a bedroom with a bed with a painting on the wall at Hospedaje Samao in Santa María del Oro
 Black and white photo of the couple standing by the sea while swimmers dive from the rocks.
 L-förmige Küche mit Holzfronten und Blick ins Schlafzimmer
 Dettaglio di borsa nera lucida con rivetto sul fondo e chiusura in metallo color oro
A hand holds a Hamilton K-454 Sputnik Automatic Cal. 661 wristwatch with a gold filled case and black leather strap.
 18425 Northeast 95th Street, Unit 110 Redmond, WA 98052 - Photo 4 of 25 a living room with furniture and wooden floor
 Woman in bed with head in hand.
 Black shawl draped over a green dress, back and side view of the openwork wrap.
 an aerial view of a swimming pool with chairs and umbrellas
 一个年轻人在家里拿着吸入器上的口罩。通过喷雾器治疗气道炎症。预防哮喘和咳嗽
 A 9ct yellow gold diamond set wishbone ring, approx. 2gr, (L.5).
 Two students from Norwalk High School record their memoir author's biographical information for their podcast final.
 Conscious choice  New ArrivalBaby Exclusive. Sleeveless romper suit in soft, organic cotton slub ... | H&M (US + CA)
···
◆ **Instructions to follow**: The answer should contain only the lines from the first line of the entries through the line holding "A hand holds", each exactly as written.

◆ **Task response**:
a bedroom with a bed with a painting on the wall at Hospedaje Samao in Santa María del Oro
 Black and white photo of the couple standing by the sea while swimmers dive from the rocks.
 L-förmige Küche mit Holzfronten und Blick ins Schlafzimmer
 Dettaglio di borsa nera lucida con rivetto sul fondo e chiusura in metallo color oro
A hand holds a Hamilton K-454 Sputnik Automatic Cal. 661 wristwatch with a gold filled case and black leather strap.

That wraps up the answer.